The day I sent out the first newsletter, I managed to peel a new layer of my travel onion.
I spent the whole Sunday in a non-touristy town, La Plata, with my friend's Argentine family. I got to experience typical Argentine activities that you can not experience on a standardized tourist trip.
The activities started when Matias and I were waiting for a bus in Buenos Aires to get to La Plata, which is about 60 km away. The interesting thing here is that you never seem to know when the bus will arrive. You stand in line and wait - it's very important to stand in line, I have found! What I found even more interesting is that even when you think the bus has come, you find out it's not the right one. So you are constantly in suspense about when the right one is going to come, and you are in anticipation. We waited about half an hour, talked a bit, and then the (right) bus came.
Here it’s not standardized and predictable like most public transport in Western Europe. I found it a very interesting experience and I actually felt happy when the bus came. Whereas in Europe I never experienced this happiness because you usually know when the bus will come. It gets kinda boring. If I was in a hurry to get somewhere, I probably wouldn't have felt so good or you have to plan your day differently. But that is what I meant in the first newsletter when I wrote that I felt like a child. Always in anticipation and never knowing what will happen around the corner.
Normally, we find waiting unnecessary. Here, in this situation, I felt that waiting is also an experience in itself. The anticipation of the next trip is an important part of the travel experience that we sometimes neglect, thinking that only the time when we are already at the destination is most important. There is no substitute for this pre-trip feeling and it is unique.
Needless to say, I had a very authentic experience in La Plata. Sunday barbecue, which is as important in Argentina every week as is the barbecue for the labor holiday in Slovenia, local desserts, local beer and wine, and for the first time I drank mate (yes, all together, in one day). I can not stress enough how grateful I am to have had the opportunity to experience such a day, which is usually difficult when you do not know any of the locals (thanks, Matias!). It's hard to imagine how else I could have had such an experience.

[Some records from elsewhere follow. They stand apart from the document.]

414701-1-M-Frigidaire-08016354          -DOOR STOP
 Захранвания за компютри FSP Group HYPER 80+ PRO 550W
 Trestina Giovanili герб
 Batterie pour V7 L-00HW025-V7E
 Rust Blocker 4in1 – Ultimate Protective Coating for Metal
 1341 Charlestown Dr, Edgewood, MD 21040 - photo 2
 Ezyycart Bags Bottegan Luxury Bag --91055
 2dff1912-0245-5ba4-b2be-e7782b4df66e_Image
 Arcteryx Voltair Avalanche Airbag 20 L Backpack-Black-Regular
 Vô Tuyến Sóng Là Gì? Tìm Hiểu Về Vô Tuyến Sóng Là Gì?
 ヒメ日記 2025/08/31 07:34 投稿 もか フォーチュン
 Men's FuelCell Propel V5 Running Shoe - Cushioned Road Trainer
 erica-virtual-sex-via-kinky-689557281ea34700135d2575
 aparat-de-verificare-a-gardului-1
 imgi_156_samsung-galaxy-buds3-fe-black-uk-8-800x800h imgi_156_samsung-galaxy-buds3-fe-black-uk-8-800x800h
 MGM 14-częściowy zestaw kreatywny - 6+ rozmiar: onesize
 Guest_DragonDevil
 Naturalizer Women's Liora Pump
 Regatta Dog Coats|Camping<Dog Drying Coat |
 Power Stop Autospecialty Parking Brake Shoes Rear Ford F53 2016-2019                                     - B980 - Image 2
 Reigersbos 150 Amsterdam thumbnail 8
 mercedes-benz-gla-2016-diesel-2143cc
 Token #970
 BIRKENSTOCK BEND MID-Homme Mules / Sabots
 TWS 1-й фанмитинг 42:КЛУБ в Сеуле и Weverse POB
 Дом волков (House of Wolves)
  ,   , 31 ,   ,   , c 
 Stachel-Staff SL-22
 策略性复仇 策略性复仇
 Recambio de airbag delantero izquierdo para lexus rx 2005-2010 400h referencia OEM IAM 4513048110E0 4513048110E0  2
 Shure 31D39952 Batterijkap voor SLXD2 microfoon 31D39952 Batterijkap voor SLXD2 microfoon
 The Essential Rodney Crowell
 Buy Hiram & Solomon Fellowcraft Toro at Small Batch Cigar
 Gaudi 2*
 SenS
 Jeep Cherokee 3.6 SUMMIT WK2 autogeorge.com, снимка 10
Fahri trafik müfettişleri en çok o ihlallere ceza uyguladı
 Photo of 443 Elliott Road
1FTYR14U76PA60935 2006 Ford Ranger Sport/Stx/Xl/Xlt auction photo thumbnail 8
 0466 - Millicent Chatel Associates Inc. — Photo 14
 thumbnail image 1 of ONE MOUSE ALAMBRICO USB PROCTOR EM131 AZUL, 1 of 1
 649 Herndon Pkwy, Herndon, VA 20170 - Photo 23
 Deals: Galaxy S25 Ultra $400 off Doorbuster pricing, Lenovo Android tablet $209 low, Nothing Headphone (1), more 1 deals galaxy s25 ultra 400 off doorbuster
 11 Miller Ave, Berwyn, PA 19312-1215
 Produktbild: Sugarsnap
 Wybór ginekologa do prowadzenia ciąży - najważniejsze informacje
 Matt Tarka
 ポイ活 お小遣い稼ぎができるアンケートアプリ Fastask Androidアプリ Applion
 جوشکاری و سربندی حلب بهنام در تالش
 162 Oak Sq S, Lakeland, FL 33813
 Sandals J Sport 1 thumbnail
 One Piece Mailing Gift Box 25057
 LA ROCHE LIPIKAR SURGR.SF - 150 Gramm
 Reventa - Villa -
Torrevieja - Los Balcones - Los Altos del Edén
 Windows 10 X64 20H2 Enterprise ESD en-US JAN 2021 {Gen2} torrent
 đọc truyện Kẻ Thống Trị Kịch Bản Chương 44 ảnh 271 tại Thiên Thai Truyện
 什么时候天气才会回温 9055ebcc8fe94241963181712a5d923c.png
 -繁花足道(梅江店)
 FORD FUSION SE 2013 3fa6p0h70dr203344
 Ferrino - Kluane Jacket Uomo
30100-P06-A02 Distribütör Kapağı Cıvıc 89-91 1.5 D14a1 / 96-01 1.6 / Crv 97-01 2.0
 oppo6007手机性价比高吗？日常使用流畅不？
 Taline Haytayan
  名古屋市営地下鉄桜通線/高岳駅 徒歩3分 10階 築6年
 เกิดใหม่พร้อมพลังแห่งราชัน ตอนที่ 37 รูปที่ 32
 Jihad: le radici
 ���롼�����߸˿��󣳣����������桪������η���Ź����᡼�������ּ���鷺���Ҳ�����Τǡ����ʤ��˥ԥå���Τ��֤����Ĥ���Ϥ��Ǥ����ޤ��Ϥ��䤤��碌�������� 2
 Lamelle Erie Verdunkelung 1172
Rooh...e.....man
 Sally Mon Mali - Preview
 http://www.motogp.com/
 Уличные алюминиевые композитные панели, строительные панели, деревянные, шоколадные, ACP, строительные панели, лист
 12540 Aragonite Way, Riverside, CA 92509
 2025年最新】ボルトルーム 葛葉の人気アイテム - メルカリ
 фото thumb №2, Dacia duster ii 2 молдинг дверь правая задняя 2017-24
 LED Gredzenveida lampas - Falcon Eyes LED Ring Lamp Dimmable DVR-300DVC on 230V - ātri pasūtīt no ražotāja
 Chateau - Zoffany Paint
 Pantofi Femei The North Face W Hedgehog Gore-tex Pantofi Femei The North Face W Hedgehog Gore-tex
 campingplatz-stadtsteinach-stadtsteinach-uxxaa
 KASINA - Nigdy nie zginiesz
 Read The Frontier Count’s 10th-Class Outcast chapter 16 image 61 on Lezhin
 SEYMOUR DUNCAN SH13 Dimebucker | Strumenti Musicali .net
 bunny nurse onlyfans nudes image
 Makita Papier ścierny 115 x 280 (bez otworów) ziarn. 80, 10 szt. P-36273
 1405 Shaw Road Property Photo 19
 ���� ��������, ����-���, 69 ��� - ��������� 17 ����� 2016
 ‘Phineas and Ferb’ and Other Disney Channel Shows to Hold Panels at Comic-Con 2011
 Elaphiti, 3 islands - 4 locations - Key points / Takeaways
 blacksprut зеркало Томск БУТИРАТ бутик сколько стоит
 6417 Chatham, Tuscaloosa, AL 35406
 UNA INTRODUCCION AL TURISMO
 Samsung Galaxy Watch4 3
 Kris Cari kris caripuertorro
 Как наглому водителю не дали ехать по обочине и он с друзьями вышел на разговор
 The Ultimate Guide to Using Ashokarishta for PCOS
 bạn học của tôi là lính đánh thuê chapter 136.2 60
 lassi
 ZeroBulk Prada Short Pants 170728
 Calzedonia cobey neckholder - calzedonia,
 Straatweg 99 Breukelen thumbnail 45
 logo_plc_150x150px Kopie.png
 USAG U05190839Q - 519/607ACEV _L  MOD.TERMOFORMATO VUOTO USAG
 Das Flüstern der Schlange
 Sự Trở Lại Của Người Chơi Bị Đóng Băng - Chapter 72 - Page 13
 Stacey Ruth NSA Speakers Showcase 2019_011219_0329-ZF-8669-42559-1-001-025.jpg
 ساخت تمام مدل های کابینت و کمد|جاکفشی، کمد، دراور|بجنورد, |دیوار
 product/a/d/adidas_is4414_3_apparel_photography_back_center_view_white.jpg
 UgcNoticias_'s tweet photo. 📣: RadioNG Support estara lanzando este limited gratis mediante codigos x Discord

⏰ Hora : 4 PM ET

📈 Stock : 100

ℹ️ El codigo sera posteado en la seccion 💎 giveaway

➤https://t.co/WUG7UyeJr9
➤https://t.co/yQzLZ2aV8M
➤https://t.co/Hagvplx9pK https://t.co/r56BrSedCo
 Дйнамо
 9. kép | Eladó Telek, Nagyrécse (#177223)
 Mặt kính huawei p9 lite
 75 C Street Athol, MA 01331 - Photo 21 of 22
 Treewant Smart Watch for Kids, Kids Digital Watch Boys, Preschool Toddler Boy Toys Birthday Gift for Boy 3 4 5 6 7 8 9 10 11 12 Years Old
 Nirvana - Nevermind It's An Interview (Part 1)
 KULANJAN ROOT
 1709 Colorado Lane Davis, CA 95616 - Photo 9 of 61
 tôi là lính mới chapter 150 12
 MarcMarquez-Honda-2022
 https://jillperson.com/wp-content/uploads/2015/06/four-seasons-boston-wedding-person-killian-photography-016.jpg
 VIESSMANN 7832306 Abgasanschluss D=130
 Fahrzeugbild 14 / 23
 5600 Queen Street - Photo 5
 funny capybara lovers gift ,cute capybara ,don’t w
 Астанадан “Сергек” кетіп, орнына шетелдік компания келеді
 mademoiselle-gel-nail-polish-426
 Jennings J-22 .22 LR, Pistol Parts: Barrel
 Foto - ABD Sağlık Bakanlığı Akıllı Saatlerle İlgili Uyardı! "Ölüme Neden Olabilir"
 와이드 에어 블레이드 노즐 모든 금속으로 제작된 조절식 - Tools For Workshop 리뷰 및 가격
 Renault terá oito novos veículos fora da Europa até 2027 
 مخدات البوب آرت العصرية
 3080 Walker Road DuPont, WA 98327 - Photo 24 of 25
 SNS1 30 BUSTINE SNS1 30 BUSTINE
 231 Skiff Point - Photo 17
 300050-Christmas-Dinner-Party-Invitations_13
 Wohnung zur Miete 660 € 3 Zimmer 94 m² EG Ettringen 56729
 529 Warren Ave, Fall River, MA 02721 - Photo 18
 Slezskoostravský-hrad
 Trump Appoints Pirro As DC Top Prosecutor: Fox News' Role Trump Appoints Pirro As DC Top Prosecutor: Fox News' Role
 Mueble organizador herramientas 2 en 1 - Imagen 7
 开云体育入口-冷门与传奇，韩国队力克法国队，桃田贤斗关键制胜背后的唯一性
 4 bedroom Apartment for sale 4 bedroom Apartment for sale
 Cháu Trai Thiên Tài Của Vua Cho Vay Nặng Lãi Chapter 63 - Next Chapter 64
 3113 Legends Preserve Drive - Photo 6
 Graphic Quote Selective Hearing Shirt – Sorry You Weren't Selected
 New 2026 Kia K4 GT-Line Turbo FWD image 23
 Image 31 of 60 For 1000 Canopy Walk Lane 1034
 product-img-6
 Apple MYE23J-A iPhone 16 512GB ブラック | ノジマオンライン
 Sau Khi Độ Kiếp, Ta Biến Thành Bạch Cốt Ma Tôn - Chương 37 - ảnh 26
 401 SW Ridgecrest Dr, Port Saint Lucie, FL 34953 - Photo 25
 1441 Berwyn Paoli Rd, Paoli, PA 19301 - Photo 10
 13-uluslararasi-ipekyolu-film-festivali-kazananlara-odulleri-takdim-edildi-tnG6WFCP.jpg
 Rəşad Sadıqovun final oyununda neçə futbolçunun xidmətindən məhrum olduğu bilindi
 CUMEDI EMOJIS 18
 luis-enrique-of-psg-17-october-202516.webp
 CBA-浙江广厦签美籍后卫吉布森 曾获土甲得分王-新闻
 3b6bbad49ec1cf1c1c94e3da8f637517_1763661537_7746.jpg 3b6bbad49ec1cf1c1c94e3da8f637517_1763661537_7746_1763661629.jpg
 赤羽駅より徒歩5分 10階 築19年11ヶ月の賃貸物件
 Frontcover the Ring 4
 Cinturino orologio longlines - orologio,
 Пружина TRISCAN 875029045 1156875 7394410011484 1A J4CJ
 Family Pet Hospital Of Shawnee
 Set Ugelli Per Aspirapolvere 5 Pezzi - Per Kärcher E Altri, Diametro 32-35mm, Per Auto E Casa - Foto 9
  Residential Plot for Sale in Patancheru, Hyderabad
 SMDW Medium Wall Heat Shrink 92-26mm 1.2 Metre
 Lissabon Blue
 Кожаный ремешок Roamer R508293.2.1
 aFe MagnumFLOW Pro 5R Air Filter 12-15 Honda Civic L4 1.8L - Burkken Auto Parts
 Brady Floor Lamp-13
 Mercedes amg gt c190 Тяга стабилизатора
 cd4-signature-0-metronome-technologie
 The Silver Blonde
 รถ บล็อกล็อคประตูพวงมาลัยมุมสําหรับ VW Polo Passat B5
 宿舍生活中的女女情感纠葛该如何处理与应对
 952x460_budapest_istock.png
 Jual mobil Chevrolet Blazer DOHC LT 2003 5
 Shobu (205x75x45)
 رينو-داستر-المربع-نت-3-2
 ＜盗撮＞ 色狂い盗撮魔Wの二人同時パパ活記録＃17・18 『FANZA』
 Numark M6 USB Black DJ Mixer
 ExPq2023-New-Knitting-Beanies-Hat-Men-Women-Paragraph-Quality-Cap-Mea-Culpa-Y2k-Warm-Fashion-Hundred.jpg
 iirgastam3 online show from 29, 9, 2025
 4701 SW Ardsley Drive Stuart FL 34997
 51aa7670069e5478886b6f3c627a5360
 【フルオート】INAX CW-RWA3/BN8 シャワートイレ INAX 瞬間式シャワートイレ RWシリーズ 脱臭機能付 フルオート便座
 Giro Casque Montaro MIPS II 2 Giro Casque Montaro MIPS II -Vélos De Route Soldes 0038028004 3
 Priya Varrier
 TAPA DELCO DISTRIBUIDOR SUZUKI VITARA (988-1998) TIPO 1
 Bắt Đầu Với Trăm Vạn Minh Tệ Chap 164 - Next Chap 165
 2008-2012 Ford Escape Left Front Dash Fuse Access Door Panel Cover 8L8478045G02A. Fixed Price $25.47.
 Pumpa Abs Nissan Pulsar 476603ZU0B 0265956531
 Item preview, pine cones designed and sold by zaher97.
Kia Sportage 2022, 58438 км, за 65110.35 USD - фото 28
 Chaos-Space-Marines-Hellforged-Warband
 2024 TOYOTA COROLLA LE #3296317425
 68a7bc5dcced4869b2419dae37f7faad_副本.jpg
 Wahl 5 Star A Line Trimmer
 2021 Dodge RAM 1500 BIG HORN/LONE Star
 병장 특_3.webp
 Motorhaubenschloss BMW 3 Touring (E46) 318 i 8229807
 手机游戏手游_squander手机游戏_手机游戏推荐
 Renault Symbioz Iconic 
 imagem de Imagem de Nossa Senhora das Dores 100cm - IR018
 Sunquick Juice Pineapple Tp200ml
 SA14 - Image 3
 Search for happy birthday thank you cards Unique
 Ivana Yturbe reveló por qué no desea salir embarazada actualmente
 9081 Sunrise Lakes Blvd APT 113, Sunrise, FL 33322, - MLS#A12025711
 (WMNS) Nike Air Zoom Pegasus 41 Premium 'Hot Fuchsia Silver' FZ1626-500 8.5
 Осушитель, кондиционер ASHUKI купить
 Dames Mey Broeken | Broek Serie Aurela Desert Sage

As someone who is involved in travel and experiences, I would like every traveler to have these kinds of experiences. In fact, I think it should be mandatory if we want travel to have a transformative effect on us. But I would also like this experience not to be pre-prepared and standardized and to happen spontaneously, as it happened to me, quite unexpectedly, without an itinerary and without a plan, because I believe that a pre-prepared experience can never invoke the same feelings as will the one that is unplanned. I’m not saying it’s better or worse because it depends on the person. Just different.
So I wonder what someone who organizes travel experiences can do to invoke such feelings. Maybe the best we can do is just create a setting where there is a chance that at least part of this spontaneous tourist experience will occur, but you do not plan the whole experience. And of course, we communicate that well. We only prepare a setting where there is a chance for serendipity (similar like we did in Leros recently). You might have a transformative experience, but you might not. It may also affect you in a negative way, which is one of the dangers of non-standardized experiences. That's the charm of the unplanned and unexpected.
One important thing also is that even if you experience something meaningful, it may not affect you as it could. The reason is that we simply haven't developed the receptivity to it. Alain de Botton stated that receptivity is the main characteristic of the travel mindset and that "the pleasure we derive from journeys is perhaps dependent more on the mindset with which we travel than on the destination we travel to." For example, when you read a book for the first time, sometimes it doesn't touch you in the same way because you're not ready to understand it. That's why we need to reread books and revisit destinations.
To end the day, I experienced the pulse of a street I have walked down a few times, but apparently, it takes on a whole different flavor on Sunday evenings and I have just started to appreciate it more. So we must also walk along the same street several times, at different times of the day to be conscious of its beauty.